▶ [Exercise directions] Copy out precisely the lines of the material that follows, beginning with the line containing "3792 Bancroft Pl, Southport, NC" and ending with its last line; exclude pictures.
Segment Start: Supplied records
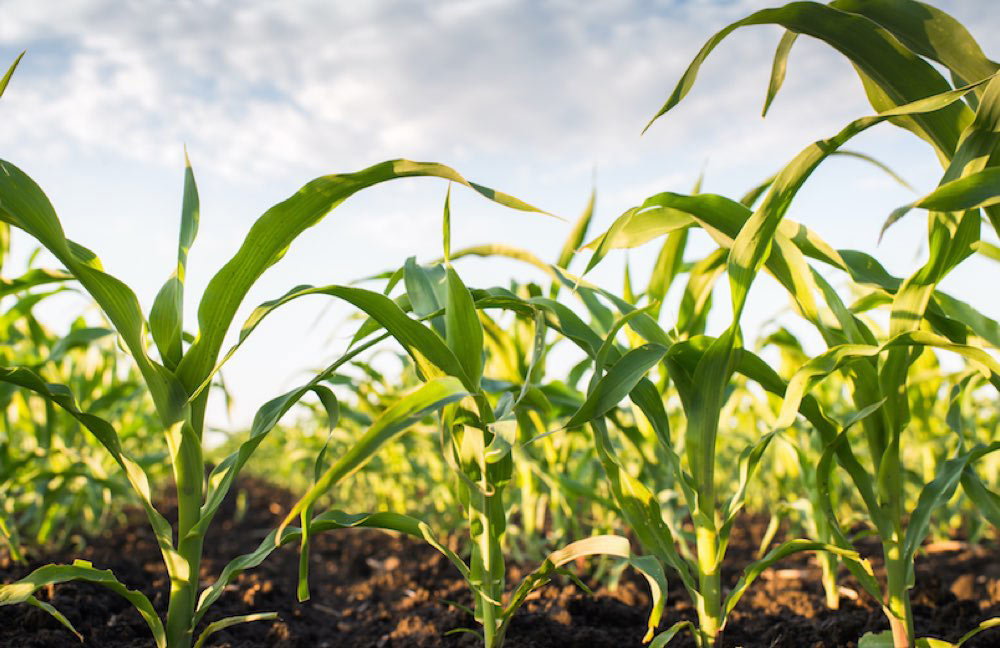 Kansas-Corn-Homepage-Support-Growers-image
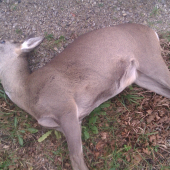 Bezohladni vodiči...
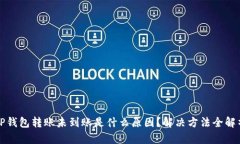 TP钱包转账未到账是什么原因？解决方法全解析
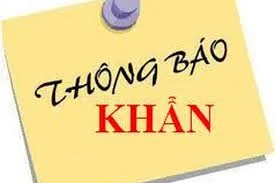 Người dự tiệc cưới Adora Nguyễn Kiệm ngày 30-1 liên hệ y tế 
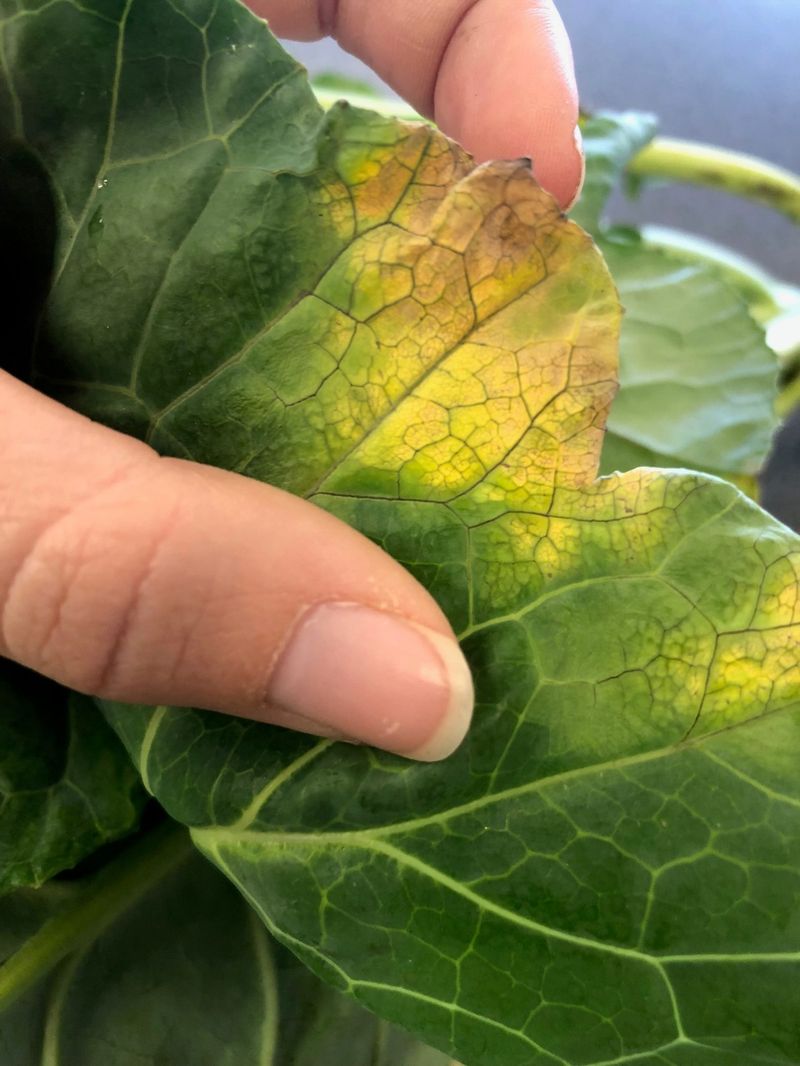 Inspect the Oldest Leaves First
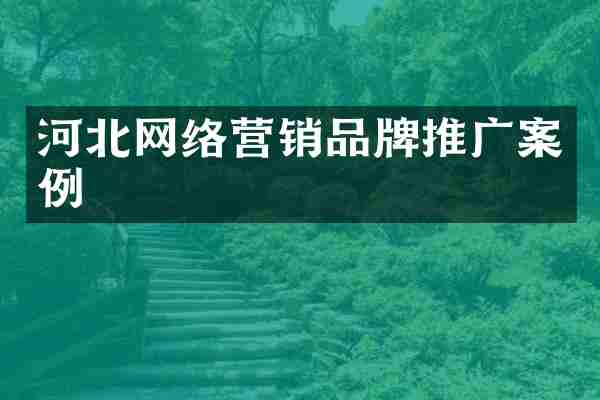 河北网络营销品牌推广案例
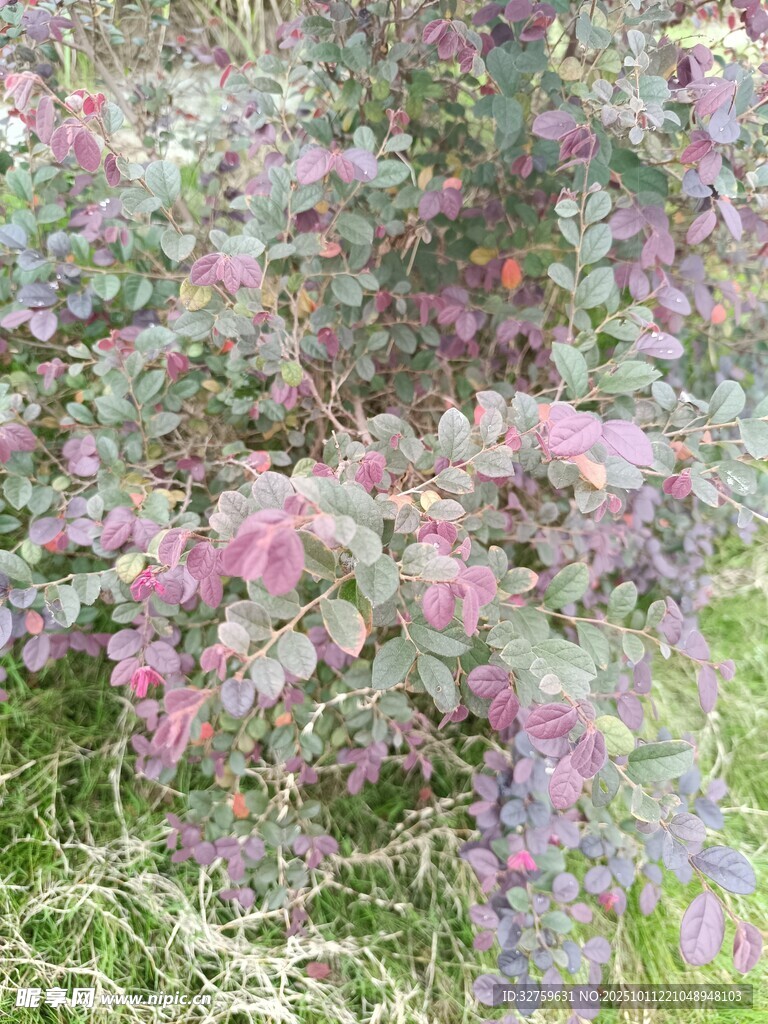 繁花盛开的多彩植物景观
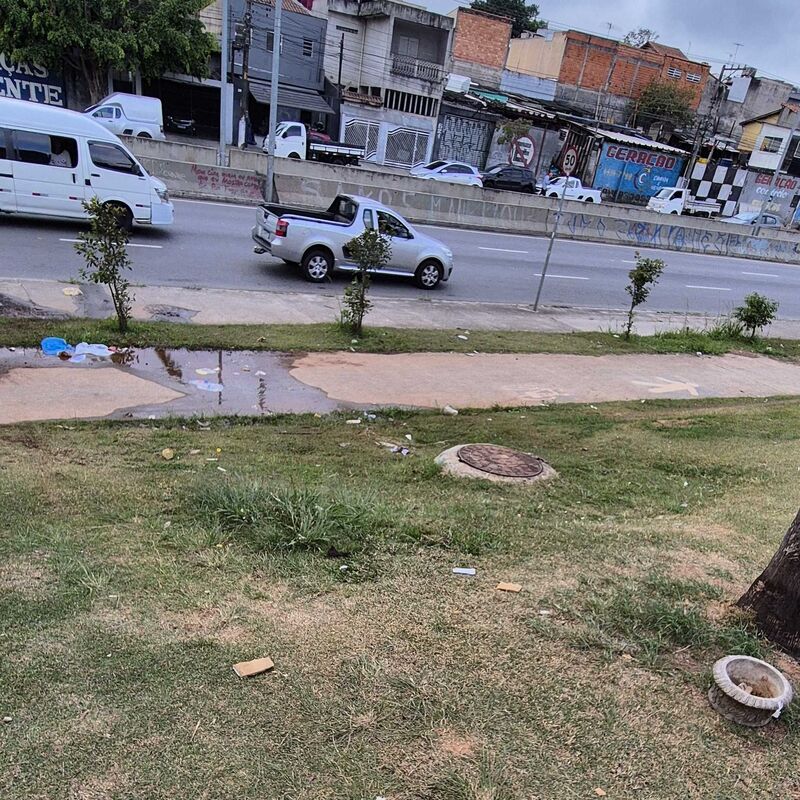 Imagem da publicação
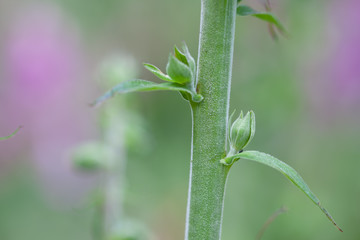 Blütenstamm des roten Fingerhutes, Digitalis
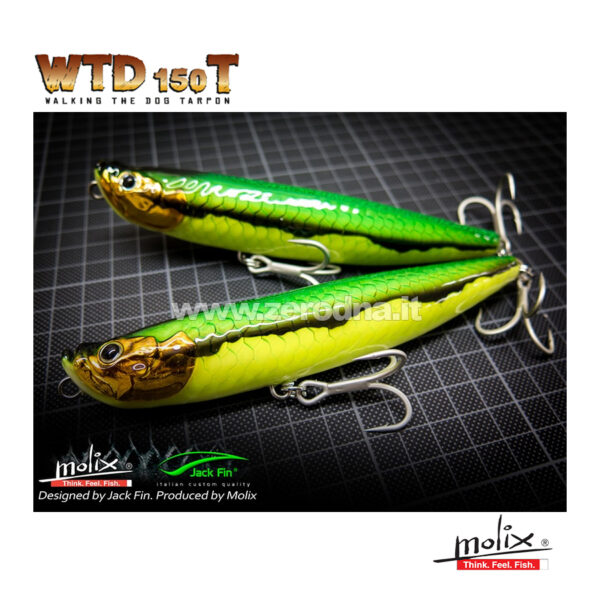 Molix Wtd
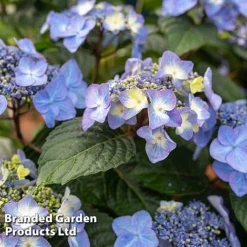 Hydrangea 'Endless Summer POP STAR' -Florist Zone HYDR POPSTARBL S48097
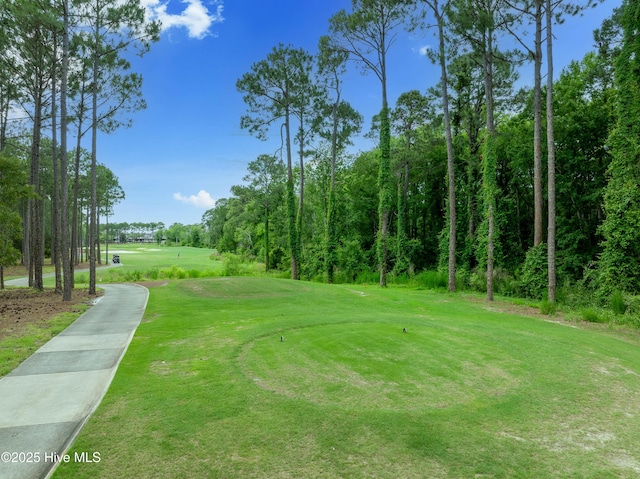 3792 Bancroft Pl, Southport, NC 28461 - view of property's community with golf course view and a yard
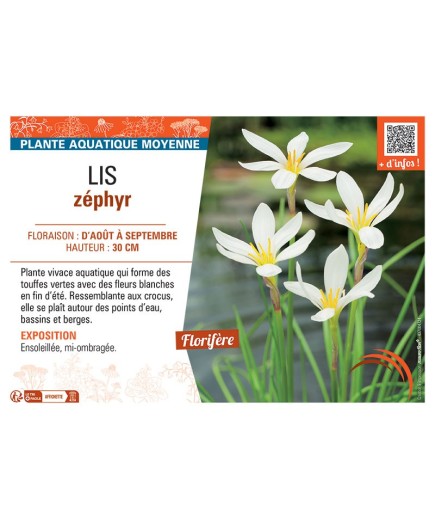 LIS ZEPHYR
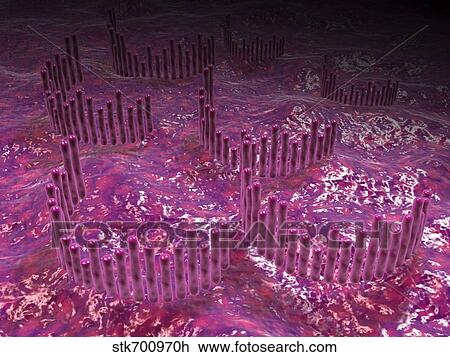 Drawing - Microscopic view of the cochlea of the inner ear.. Fotosearch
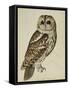 Brown Owl (Strix Ulula)-Reverend Christopher Atkinson-Framed Stretched Canvas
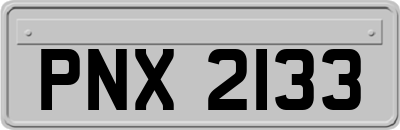 PNX2133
Segment End: Supplied records
▶ [Result]
 3792 Bancroft Pl, Southport, NC 28461 - view of property's community with golf course view and a yard
 LIS ZEPHYR
 Drawing - Microscopic view of the cochlea of the inner ear.. Fotosearch
 Brown Owl (Strix Ulula)-Reverend Christopher Atkinson-Framed Stretched Canvas
 PNX2133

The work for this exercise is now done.